La contribution de D. Elson (1988) représente une importante avancée dans ce débat, et pose des jalons pour dépasser l’opposition manichéenne entre marché et plan. Pour donner un aperçu de son originalité, et étant donnée la densité de la contribution, il est nécessaire de s’y étendre quelque peu. Selon Elson, certaines des critiques traditionnelles du marché par les marxistes sont largement inopérantes. Rien ne sert de critiquer l’impersonnalité du marché (car c’est aussi une « protection de la liberté individuelle et un rempart contre la tyrannie personnalisée », Elson, 1988, p.12), ni le fait que le marché ne prend en compte que la demande solvable (il suffit alors de « changer la distribution du pouvoir d’achat grâce à la fiscalité et aux prestations sociales », op.cit., id.). Ce qui pose problème est le « fétichisme de la marchandise », personnifié dans le débat public par les toutes-puissantes « forces du marché » qui orientent inexorablement le sens du développement social. Le problème vient de ce que « les marchés ne se contentent pas de décentraliser la prise de décision, ils l’atomisent » (op.cit., p.13). La critique de la coordination marchande que propose Elson est très proche de celle de Stiglitz : « les interdépendances entre acteurs économiques résultent du caractère de déséquilibre séquentiel que revêt n’importe quel processus de marché en temps réel (même un marché de futurs) sur lequel les individus doivent prendre des décisions, dans l’isolement, à un instant qui précède la jouissance du fruit de ces choix. Entre la prise de décision et la jouissance de ses fruits, de nombreux changements peuvent se produire à cause des décisions d’autres agents, qui affectent le gain attendu » (op.cit., p.14). La soi-disant loi de l’offre et de la demande n’a aucun caractère de généralité : « en fait sur la majorité des marchés existent de bonnes raisons pour que les prix ne se déplacent pas vers les positions qui équilibrent le marché. Quand les agents sur un marché particulier sont en permanence acheteurs ou vendeurs, plutôt que d’occuper alternativement chaque rôle ; quand les acheteurs et les vendeurs valorisent la poursuite de leurs relations mutuelles ; est quand la recherche sur le marché est coûteuse, alors il peut-être très rationnel pour une entreprise de ne pas réduire les prix quand la demande baisse, et même de les augmenter » (p.16).

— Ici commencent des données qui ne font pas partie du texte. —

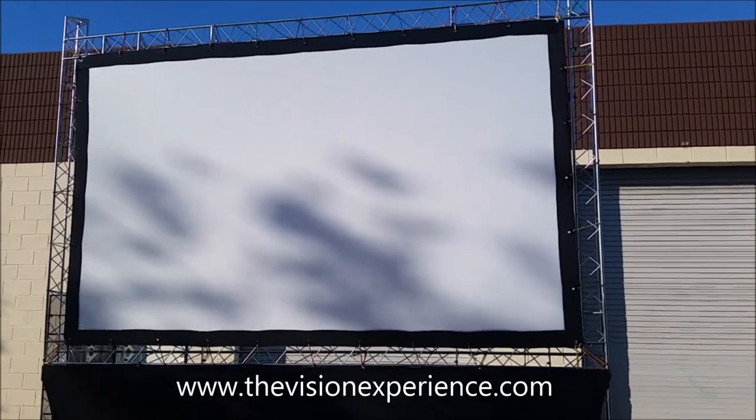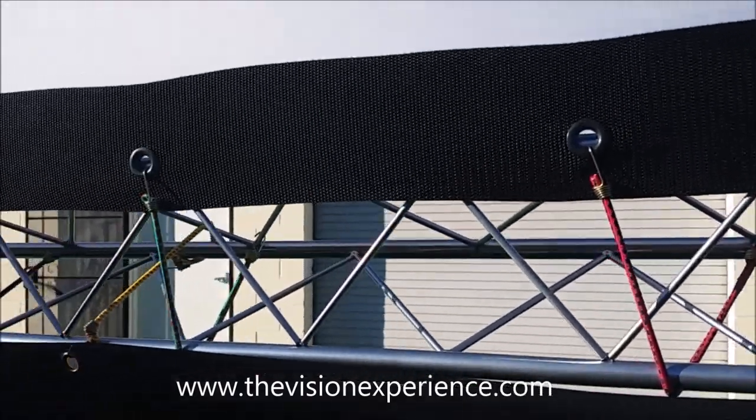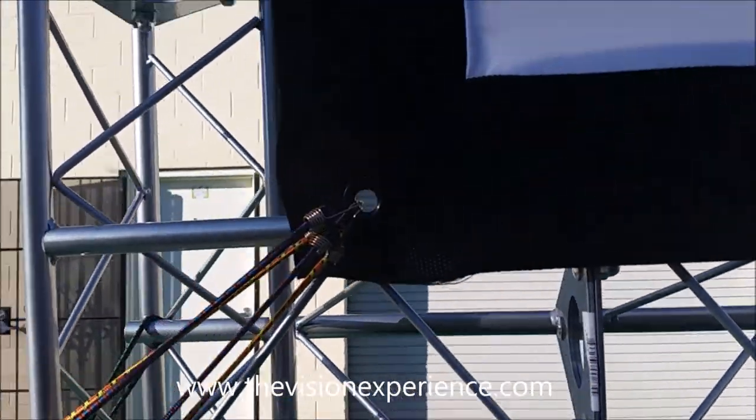In this video, we're going to go over attaching your VersaStretch movie screen to the Trinity truss frame. We do this before we put the screen into upright position, which it is now, but this is a great way to show you how we attach it. We include mini bungees with your Trinity truss screen. Some people prefer to use zip ties or regular cable ties or other things, but whatever works for you.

L’article se pose comme une contribution au débat entre Nove et Mandel (cf. supra). Pour Elson, Nove a tort de confier la régulation de son économie socialiste au jeu du « marché » (supposément concurrentiel). Mais même si la « coopération informelle objective » est en effet un phénomène important [24], Mandel se trompe quand il néglige l’importance des marchés dans la coordination économique : « avec des prix relatifs et une distribution des revenus différents, le profil de consommation pourrait changer considérablement » (op.cit., p.26) En fait l’économie mandélienne est une « économie de la répétition » (op.cit., p.25), sans innovation ni changements profonds des techniques ou de goûts des consommateurs. Or les prix relatifs se déforment inévitablement sous l’effet des gains de productivité différenciés (« il y a trente ans le prix relatif des téléviseurs était élevé et c’étaient des biens de luxe »).

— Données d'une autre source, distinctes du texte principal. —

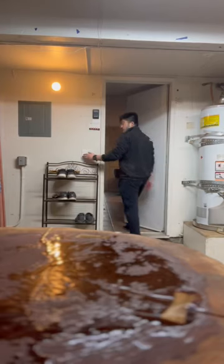The last step was installing some hairpin table legs. If you liked this video, make sure to subscribe for more.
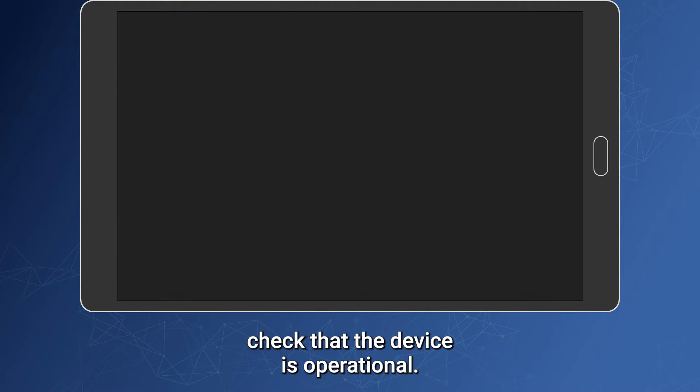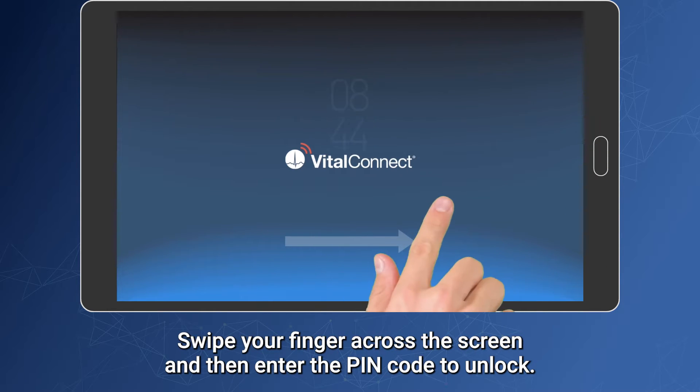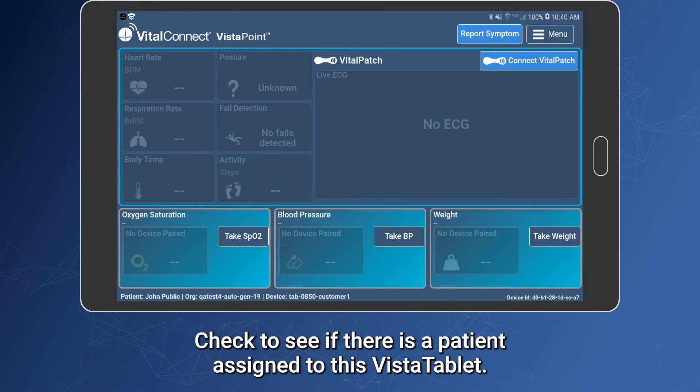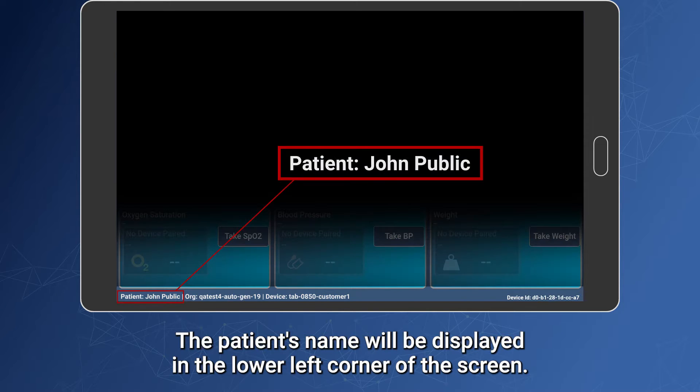Before using the Vista tablet device, check that the device is operational. Press the home button to wake up the device. Swipe your finger across the screen and then enter the pin code to unlock. Check to see if there is a patient assigned to this Vista tablet — the patient's name will be displayed in the lower left corner of the screen.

Elson ébauche alors un modèle original de socialisme autogestionnaire reposant sur la « socialisation du marché ». On se contentera ici d’en résumer certains traits saillants. Le modèle suppose que « les ménages aient accès à un revenu de base sans être forcés de vendre leur force de travail à des entreprises extérieures même nationalisées » (op.cit., p.28). Le système productif est composé d’un système d’entreprises publiques autogérées et autofinancées. Un Régulateur des entreprises publiques assurerait l’allocation du capital (« des équipes de travailleurs pourraient demander au Régulateur l’autorisation de monter une nouvelle entreprise publique, et de recevoir des fonds publics (pour lesquels un intérêt serait payé) pour le faire » (op.cit., p.31). En cas de faillite, « personne ne serait licencié. Le Régulateur aiderait à formuler des projets de reconversion des travailleurs dans d’autres entreprises semblables ou dans des formations avant de nouveaux emplois ».

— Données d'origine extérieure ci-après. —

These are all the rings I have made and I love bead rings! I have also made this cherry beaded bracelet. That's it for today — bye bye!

On sait aujourd’hui que tout marché est une construction sociale et institutionnelle spécifique, et que le « marché pur » est une fiction absurde. Le « marché socialisé » de D. Elson est une institution « constituée d’organismes publics, financés par des impôts prélevés sur les ménages et les entreprises, plutôt que par la vente de marchandises. C’est aussi un marché où les ‘poignées de main invisibles’, les relations de bienveillance et de réciprocité que les économies de marché ont dû construire au moins dans une certaine mesure, sont transformées en des réseaux publics d’information à l’accès libre, plutôt qu’en des ‘cercles enchantés’ ou des ‘clubs de gentlemen’ qui excluent les ‘outsiders’ » (p.32). Les « Commissions de prix et salaires » établissent des « places de marché électroniques » qui permettent des « économies d’échelle dans la collecte d’information » et « de plus faibles coûts de transaction » (op.cit., p.32). Elles doivent « rassembler l’information sur les coûts unitaires afin que le public puisse évaluer la relation entre coûts et prix » (op.cit., p.33). Elles établissent des normes de prix, qui servent de référence et par rapport auxquelles des exceptions peuvent être faites mais doivent être justifiées aux yeux des consommateurs. Les normes de prix se basent sur les coûts unitaires auxquels s’ajoute « une marge déterminée par les besoins en investissement de l’économie » (op.cit., p.38). « Le taux de marge pourrait varier d’un secteur à l’autre afin d’engendrer un surplus plus élevé dans les secteurs dont la stratégie globale recherche l’expansion ». « Les prix seraient révisés tous les ans », afin de décider « dans quelle mesure les niveaux de production dans tel secteur doivent être développés, réduits ou stabilisés » (op.cit., p.38).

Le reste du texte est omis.